Material supplied:
* * * * * * * * *
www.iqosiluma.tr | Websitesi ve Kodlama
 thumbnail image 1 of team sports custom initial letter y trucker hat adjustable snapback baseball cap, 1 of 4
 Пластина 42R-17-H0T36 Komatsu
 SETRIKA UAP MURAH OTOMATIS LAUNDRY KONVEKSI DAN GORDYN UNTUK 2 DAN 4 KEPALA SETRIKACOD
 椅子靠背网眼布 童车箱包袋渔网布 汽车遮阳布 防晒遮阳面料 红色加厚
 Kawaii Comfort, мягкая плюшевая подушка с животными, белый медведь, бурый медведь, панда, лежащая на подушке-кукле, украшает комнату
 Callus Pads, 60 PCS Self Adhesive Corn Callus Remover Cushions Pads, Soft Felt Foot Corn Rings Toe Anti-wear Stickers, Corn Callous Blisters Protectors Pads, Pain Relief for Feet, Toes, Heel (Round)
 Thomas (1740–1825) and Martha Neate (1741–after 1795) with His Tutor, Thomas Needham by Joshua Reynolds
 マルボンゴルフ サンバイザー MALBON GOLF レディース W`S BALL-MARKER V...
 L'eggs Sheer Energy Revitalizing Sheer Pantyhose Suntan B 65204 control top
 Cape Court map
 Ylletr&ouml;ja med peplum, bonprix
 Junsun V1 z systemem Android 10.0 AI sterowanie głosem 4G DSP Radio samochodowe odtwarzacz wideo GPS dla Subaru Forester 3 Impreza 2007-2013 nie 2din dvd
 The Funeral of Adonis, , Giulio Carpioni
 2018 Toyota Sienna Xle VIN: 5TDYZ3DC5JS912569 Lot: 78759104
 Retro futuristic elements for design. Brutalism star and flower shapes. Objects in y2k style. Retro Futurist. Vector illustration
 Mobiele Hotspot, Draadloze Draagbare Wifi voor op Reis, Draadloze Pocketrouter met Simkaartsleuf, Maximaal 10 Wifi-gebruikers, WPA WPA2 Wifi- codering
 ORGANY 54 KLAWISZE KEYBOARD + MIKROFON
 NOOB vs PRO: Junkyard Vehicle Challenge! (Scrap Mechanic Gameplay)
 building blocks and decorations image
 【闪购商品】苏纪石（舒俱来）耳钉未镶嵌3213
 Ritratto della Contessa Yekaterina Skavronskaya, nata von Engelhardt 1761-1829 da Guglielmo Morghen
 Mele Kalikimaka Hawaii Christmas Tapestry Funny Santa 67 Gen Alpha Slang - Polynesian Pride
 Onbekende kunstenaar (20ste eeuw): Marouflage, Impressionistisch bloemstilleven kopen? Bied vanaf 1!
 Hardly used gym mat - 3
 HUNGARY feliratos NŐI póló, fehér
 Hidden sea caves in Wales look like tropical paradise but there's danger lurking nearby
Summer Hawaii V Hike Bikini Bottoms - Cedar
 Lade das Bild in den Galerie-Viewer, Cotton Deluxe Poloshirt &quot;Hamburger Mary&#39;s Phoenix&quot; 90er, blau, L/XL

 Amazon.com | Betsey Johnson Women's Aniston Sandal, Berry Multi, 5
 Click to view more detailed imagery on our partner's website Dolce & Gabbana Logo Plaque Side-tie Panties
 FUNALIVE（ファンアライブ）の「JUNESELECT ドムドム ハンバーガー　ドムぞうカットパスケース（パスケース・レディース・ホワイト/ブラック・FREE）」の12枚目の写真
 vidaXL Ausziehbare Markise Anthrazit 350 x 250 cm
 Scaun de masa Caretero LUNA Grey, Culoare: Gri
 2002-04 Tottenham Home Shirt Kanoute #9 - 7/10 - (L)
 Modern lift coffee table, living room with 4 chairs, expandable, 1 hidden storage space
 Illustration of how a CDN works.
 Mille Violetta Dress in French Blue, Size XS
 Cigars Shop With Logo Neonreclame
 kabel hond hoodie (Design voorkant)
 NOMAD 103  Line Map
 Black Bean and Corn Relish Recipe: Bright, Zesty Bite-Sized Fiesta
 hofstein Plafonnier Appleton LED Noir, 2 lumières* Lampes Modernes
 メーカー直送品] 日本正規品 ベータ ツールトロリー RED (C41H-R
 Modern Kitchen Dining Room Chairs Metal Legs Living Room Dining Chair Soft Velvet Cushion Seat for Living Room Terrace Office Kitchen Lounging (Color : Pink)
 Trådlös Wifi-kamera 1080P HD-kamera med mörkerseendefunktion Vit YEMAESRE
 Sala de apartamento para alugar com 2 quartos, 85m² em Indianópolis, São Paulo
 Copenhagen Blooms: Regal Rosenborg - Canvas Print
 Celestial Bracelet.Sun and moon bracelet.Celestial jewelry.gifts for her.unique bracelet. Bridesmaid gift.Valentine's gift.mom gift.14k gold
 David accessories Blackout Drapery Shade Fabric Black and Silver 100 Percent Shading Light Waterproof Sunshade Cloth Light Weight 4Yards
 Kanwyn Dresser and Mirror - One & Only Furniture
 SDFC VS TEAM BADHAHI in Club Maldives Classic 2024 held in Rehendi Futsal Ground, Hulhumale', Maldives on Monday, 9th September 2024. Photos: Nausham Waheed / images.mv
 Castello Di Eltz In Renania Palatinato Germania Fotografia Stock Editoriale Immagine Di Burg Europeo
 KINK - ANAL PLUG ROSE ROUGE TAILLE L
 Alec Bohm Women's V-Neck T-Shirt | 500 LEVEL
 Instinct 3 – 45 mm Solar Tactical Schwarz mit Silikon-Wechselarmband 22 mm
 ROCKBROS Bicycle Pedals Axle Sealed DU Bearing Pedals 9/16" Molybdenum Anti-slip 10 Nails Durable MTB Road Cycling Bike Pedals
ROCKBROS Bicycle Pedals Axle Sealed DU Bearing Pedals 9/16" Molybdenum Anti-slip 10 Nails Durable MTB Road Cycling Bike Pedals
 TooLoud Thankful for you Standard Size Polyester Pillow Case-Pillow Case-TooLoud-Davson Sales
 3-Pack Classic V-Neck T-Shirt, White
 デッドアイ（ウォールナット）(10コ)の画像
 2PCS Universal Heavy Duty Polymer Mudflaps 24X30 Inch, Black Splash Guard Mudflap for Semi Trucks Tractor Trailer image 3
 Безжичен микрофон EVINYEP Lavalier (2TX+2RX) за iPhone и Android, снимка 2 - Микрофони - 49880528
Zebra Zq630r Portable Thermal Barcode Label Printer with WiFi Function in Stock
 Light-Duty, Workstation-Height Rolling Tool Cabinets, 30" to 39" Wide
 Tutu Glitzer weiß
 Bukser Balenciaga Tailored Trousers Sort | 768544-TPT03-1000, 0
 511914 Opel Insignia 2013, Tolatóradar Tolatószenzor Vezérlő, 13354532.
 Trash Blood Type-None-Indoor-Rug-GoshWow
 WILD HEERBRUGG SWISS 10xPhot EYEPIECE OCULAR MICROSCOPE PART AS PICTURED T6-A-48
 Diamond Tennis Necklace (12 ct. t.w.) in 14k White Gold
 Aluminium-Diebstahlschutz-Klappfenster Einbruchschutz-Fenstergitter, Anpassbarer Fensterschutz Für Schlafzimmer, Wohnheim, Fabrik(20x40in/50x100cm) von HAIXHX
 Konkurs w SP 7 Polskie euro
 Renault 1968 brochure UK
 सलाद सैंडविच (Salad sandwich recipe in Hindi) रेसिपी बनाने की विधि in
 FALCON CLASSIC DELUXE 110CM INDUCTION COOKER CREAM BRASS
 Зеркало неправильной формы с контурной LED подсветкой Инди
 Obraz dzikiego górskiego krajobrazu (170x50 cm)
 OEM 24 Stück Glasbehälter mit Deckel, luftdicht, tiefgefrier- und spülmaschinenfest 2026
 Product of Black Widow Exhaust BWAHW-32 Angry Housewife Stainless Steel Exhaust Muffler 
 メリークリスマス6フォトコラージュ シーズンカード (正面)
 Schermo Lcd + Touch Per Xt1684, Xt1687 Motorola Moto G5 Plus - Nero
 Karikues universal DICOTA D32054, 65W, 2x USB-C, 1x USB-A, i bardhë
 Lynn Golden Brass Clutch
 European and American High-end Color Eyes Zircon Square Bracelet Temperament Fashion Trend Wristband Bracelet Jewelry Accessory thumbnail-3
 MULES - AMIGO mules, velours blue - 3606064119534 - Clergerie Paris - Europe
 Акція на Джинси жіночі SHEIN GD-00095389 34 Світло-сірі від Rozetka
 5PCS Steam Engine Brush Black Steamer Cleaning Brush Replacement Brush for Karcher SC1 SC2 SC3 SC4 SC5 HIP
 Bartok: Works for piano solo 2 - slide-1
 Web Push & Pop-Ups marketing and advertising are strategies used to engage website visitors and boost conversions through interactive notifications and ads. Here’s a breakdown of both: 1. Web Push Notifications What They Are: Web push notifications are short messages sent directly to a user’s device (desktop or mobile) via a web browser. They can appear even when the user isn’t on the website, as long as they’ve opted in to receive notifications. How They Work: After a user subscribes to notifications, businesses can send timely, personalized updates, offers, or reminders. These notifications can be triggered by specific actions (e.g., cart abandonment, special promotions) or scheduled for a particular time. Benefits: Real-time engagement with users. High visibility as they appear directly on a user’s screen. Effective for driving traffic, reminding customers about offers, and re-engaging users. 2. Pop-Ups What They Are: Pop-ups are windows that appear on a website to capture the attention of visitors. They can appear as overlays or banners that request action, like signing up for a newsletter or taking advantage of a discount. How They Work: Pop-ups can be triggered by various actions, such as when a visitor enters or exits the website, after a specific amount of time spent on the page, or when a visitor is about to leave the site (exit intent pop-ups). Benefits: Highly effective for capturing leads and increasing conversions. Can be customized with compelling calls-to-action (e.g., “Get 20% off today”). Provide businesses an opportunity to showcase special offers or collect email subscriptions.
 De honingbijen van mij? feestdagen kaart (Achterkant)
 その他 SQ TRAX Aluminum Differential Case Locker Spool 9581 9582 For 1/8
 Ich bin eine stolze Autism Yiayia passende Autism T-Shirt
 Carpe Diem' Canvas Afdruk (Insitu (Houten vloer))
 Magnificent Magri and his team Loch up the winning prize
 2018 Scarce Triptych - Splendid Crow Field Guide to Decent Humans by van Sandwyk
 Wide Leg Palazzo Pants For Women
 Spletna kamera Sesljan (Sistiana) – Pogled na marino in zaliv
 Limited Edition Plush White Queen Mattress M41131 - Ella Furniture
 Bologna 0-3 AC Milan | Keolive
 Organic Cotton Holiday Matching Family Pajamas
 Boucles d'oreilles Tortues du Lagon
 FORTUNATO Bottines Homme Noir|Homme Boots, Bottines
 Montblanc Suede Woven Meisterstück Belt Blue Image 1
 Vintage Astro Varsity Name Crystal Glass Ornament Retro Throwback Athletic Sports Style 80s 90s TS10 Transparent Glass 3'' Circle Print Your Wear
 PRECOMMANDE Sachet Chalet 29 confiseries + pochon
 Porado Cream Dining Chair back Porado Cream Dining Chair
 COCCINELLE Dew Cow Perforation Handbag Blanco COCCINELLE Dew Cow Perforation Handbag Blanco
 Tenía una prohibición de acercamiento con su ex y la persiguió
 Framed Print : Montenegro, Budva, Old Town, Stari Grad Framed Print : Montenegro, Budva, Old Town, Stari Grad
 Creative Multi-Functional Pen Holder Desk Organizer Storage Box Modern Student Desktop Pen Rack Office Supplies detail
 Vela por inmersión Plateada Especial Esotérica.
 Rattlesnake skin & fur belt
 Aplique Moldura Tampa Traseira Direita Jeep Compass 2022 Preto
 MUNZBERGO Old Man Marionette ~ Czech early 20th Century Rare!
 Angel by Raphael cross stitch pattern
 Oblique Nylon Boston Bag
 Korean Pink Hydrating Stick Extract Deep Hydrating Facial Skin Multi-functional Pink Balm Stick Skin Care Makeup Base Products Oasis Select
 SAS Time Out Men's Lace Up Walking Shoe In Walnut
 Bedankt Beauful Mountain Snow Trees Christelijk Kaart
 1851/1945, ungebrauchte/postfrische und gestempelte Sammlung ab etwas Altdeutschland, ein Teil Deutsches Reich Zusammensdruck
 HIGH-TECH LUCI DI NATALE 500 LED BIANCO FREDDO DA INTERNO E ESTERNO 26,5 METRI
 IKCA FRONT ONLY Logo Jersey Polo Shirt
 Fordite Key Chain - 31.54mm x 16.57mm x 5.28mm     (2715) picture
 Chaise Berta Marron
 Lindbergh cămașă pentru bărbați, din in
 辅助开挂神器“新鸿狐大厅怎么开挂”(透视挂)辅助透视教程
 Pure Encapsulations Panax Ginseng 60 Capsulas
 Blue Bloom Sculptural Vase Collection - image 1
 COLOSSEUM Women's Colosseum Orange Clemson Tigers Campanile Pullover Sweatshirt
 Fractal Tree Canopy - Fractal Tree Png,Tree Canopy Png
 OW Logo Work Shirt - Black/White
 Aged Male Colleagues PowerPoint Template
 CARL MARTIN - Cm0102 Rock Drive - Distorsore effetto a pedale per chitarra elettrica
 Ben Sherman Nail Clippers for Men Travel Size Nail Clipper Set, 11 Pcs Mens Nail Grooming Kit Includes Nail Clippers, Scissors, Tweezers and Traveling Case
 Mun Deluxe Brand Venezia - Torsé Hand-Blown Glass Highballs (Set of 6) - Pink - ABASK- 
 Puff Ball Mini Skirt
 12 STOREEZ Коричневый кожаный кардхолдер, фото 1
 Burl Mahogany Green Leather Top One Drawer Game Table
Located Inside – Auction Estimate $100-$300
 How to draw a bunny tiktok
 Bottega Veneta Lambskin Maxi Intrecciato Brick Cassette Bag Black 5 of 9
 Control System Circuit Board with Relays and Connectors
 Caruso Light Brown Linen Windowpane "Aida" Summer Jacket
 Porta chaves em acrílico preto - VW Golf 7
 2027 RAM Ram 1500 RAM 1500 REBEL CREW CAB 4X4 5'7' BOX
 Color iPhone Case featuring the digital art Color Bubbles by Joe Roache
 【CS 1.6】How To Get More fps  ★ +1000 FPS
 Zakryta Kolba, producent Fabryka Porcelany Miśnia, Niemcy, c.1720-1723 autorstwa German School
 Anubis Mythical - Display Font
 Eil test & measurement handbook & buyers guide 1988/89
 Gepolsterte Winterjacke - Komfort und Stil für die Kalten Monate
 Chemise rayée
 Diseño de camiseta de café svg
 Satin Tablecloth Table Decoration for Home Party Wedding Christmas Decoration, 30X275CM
* * * * * * * * *
Your assignment: Out of the data above, transcribe exactly and only the lines starting with the line that has "Black Bean and" and going on through the line that has "Kanwyn Dresser and", both included.

Written answer:
 Black Bean and Corn Relish Recipe: Bright, Zesty Bite-Sized Fiesta
 hofstein Plafonnier Appleton LED Noir, 2 lumières* Lampes Modernes
 メーカー直送品] 日本正規品 ベータ ツールトロリー RED (C41H-R
 Modern Kitchen Dining Room Chairs Metal Legs Living Room Dining Chair Soft Velvet Cushion Seat for Living Room Terrace Office Kitchen Lounging (Color : Pink)
 Trådlös Wifi-kamera 1080P HD-kamera med mörkerseendefunktion Vit YEMAESRE
 Sala de apartamento para alugar com 2 quartos, 85m² em Indianópolis, São Paulo
 Copenhagen Blooms: Regal Rosenborg - Canvas Print
 Celestial Bracelet.Sun and moon bracelet.Celestial jewelry.gifts for her.unique bracelet. Bridesmaid gift.Valentine's gift.mom gift.14k gold
 David accessories Blackout Drapery Shade Fabric Black and Silver 100 Percent Shading Light Waterproof Sunshade Cloth Light Weight 4Yards
 Kanwyn Dresser and Mirror - One & Only Furniture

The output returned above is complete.